Arabic status revisited.


Arabic is somehow a complex language when it comes to computer processing, It requires certain capabilities from the rendering and processing engines.
I'd consider 2 things to be the most important things, BiDi and Shaping, While Shaping deals with the different forms of a letter according to its position in the word, BiDi deals with the arrangement of embedded Arabic and English words.

Most of the Arabic letters change their shape according to their position in the word, Thus we have Initial, Medial, Final and Isolated.
Take the Letter "LAM" for example "0x644", It has 4 shapes: 0xFEDD, 0xFEDF, 0xFEE0 and 0xFEDE. Some letters can have 3 or even less.
Theoretically speaking, We have 28 letters although the unicode standard defines more shapes in the Arabic range, Not sure whether they are used for Farsi also or not as we have some letters there for Farsi and I guess Other languages too.
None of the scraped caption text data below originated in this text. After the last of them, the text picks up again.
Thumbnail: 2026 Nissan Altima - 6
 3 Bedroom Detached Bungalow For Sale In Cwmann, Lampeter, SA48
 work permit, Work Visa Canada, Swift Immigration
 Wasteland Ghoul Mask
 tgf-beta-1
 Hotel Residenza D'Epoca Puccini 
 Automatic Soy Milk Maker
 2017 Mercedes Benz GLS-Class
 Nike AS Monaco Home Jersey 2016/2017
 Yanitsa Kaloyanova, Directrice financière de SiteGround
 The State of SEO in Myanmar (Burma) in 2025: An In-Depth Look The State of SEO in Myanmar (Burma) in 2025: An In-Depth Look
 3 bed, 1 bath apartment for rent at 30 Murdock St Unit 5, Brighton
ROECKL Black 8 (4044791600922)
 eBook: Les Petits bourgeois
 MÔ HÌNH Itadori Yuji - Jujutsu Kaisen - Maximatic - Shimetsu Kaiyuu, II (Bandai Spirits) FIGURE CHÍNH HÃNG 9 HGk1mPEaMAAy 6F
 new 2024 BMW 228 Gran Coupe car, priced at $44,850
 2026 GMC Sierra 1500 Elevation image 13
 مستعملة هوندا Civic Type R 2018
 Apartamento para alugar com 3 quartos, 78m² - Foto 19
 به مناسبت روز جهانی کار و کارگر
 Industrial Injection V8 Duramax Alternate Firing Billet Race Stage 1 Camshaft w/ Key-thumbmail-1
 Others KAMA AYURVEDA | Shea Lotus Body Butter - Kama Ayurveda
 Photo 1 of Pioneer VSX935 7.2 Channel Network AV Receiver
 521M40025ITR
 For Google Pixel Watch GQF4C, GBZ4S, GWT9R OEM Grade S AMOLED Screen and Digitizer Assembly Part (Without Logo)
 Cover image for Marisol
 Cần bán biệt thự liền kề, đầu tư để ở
It also defines presentation forms, Those presentation forms describe how the letter will look like depending on the position in the word.

The BiDi standard is described in the Unicode Standard Annex #9, It handles embedding Arabic and other right to left languages with the left to write languages "English for example".The rendering backend must also be able to resolve this situation and reorder the test sigments to obtain a visually correct order.

The rendering backend should be aware of these to be able to display Arabic correctly.
Arabic letters are stored in text files in the Isolated form, The rendering backend must then "interpret" the letters and join them correctly otherwise we'll have non-joined letters.
Now there is another thing which does require the rendering system to take care, Diacritics or what we call in arabic "tashkeel", Or the accents ;-)

I'll be basing all my points on Gtk/Pango because I'm familiar with them, Pango is a text layout and rendering engine Thanks to pango, We wouldn't have had any Arabic in Gnome ;-)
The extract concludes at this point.